● PROVIDED RECORDS

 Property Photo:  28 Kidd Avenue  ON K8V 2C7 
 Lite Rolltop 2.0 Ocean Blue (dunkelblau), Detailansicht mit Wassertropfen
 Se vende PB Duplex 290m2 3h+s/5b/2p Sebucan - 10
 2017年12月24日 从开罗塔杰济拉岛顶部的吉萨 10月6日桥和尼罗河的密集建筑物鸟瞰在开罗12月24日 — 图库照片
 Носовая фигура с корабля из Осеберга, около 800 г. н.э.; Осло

==

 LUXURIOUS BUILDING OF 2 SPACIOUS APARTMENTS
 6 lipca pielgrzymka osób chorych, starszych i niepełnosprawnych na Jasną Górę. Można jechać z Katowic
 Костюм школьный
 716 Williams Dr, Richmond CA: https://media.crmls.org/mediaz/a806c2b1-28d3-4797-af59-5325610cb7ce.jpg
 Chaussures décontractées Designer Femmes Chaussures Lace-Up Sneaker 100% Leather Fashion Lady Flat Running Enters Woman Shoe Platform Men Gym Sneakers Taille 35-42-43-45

● YOUR OBJECTIVE
Starting at the line that has "2017年12月24日 从开罗塔杰济拉岛顶部的吉萨 10月6日桥和尼罗河的密集建筑物鸟瞰在开罗12月24日" and ending at the line that has "Носовая фигура с", please write out the lines above exactly, leaving out all others.

● RESULT OF THIS EXERCISE
 2017年12月24日 从开罗塔杰济拉岛顶部的吉萨 10月6日桥和尼罗河的密集建筑物鸟瞰在开罗12月24日 — 图库照片
 Носовая фигура с корабля из Осеберга, около 800 г. н.э.; Осло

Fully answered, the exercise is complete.